Part II: OS/2 "Warp"

At a particular IBM meeting in the Fall of 1995, one of the executives at O&M (IBM’s advertising agency) presented IBM’s next stage marketing campaign (The infamous Nuns ads and other solutions for a small planet ads).  Once he asked if there were any questions I quickly raised my hand…

Now before I tell you what my question was, I want to make clear that up to this point I had never “burned” any bridges with anyone at IBM.  My question though quickly set flame to one of my bridges with PSP…

In front of some of IBM’s top customers, I asked “Those Warp 3 ads with the surfer people…what exactly were you thinking?”  The O&M guy responded “We wanted to show that OS/2 was hip and cool to use.” I said, “Well, who exactly are you targeting?

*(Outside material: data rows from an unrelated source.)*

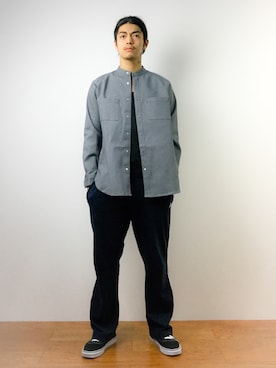 ryuto irieさん（メンズ・176cm）の春コーディネート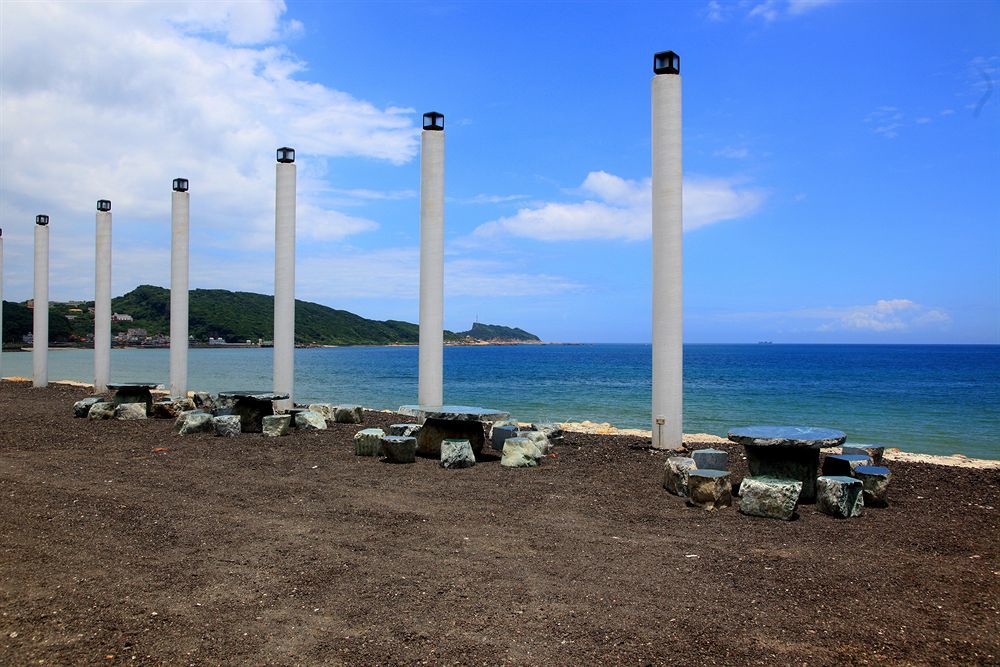 White House Beach Hotspring Resort Wanli District Exterior photo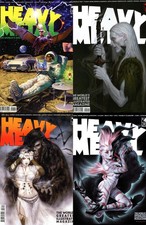 Heavy metal magazine issues - magazine, (issues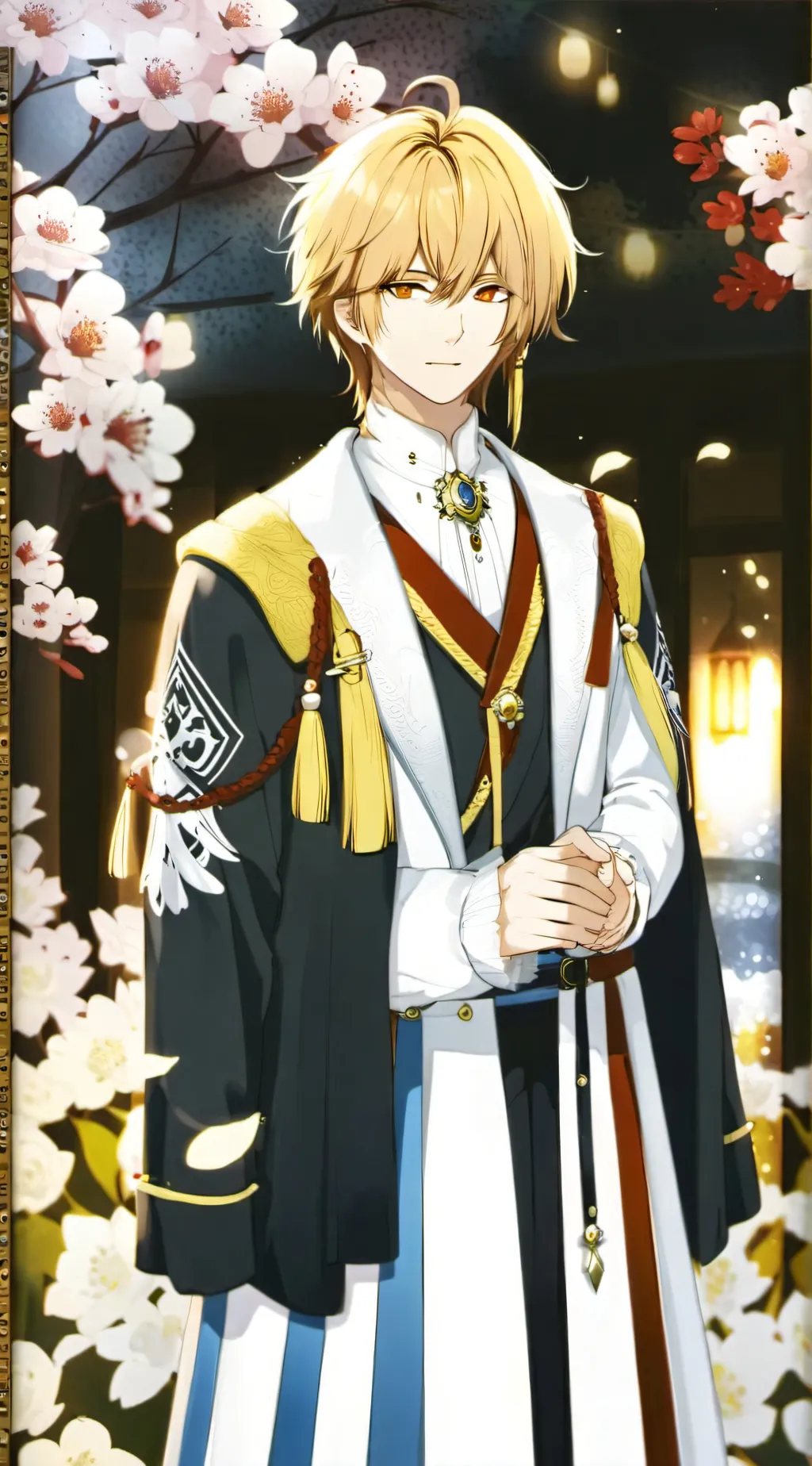 ai character: Josh background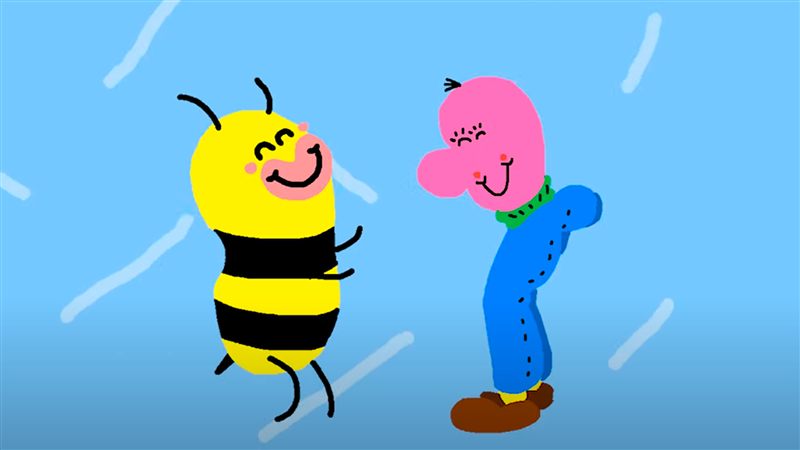 Pôster de Save The Bees ou Deus Salve As Abelhas – Exclusive e os cabides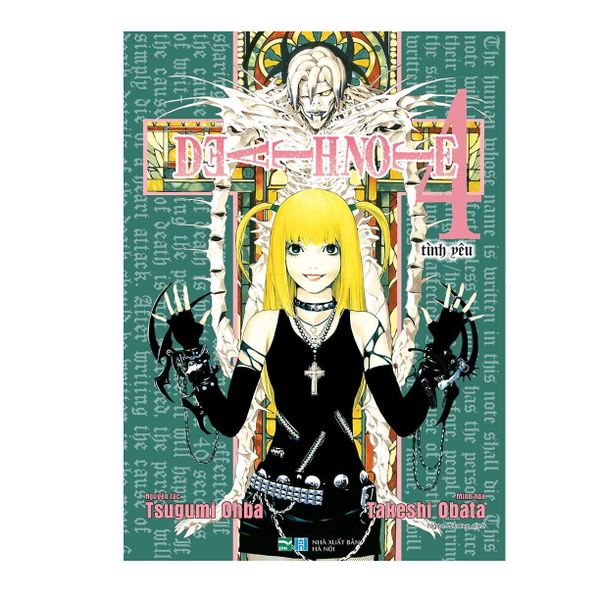 Death Note - Tập 4 - Tình Yêu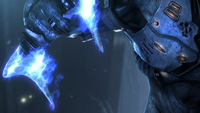 An energy sword as seen in the Halo Wars announcement trailer.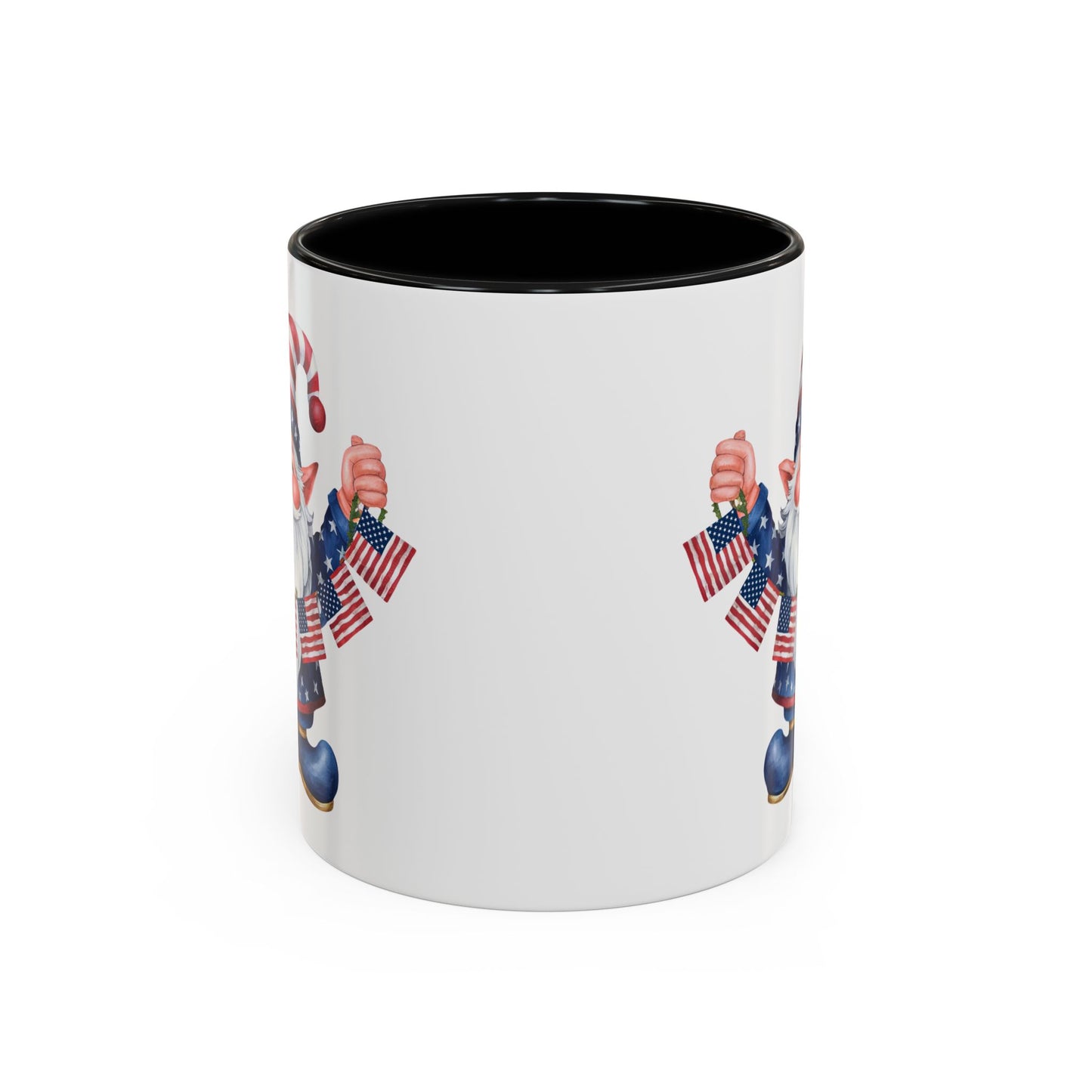 4th of July Mug - American Gnome 16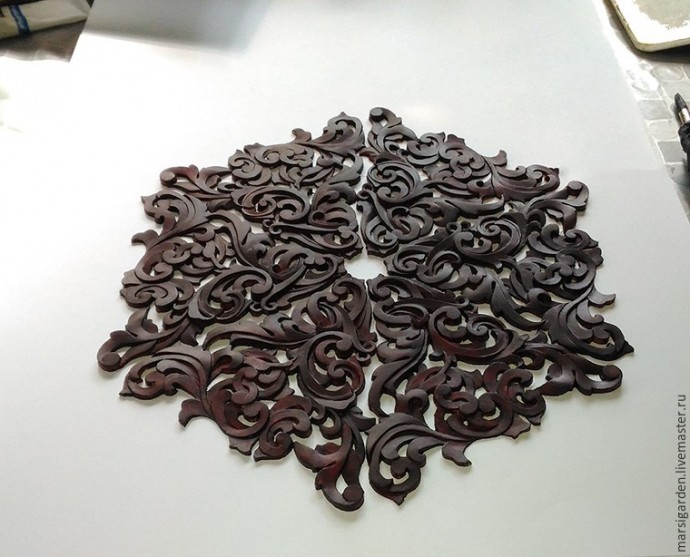 Декорирование сумки объемным гибким орнаментом Декорирование сумки объемным гибким орнаментом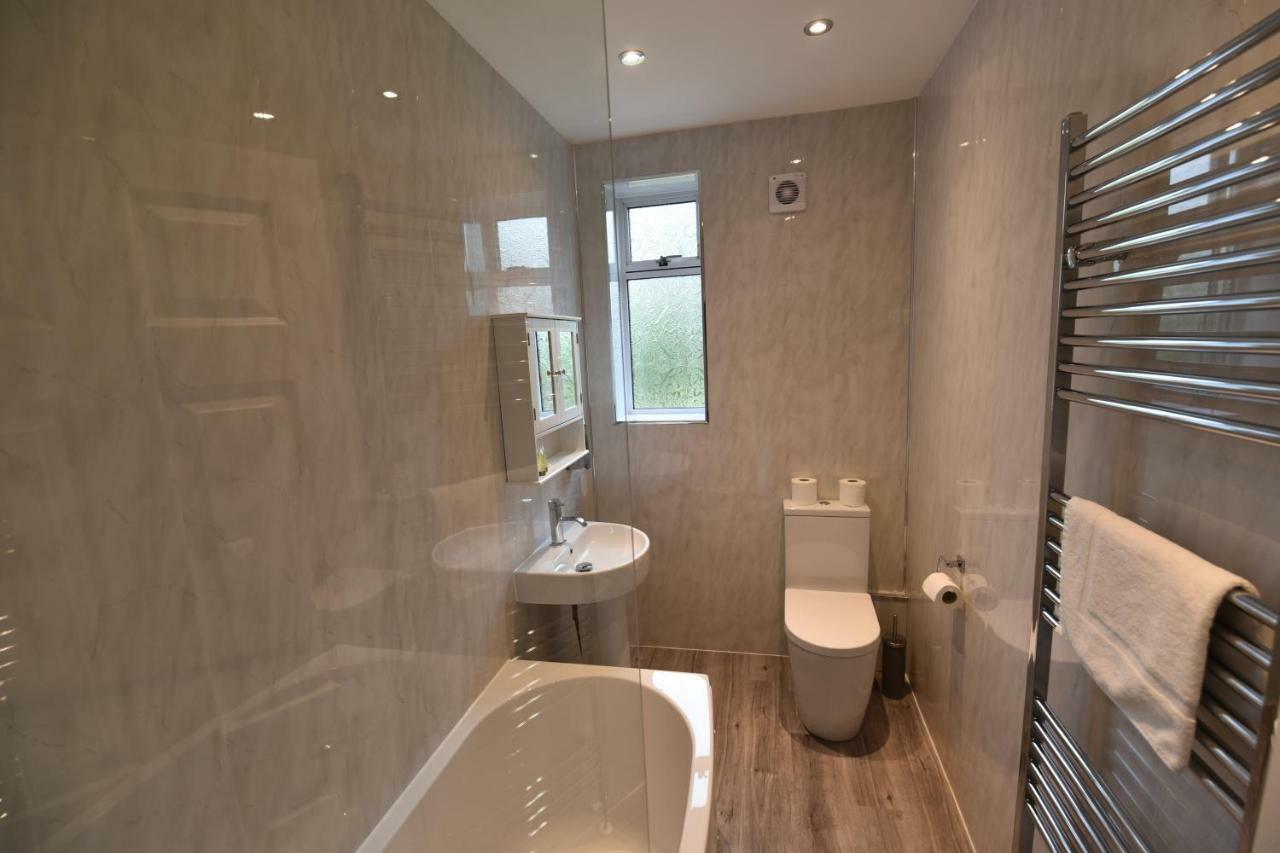Sighthill 3 Bedrooms With Private Garden Edinburgh Dış mekan fotoğraf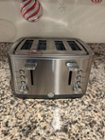 G9TMA4SSPSSGE GE 4-Slice Toaster STAINLESS STEEL - King's Great Buys Plus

Are you trying to imply to the 15 year old market segment that if they use ‘Warp’ that they’ll get beat up less at school?  You could have shown how OS/2 was a good and beautiful OS that increases productivity but instead wasted the advertising campaign promoting OS/2 as something you use after surfing!”  At that point, the IBM customers laughed and then applauded for they felt the same way.   I knew my question would stir trouble but after seeing all the posts and meeting all the OS/2 users who were frustrated at how poorly the USA Warp 3 marketing campaign was launched, how could I not seize the opportunity to bring this up to the specific people responsible for those horrible ads?  It turned out that the presenter was one of the actual people who came up with them.  Ironically, my question helped cement the Stardock/Vobis pre-load agreement since they felt the way I did.  It should be noted that we are talking about the USA OS/2 ads.  The European ads were quite good.

Comdex 95, the end of the world.
It was by Comdex 95 that Lou Gerstner had told PSP that OS/2 Warp for the PowerPC had to be done.  IBM PSP failed.  IBM had invited Stardock to demonstrate in the PowerPC tent that year but we declined since we knew of this rumor and knew that Power OS/2 (as I liked to call it) would no way be done by then.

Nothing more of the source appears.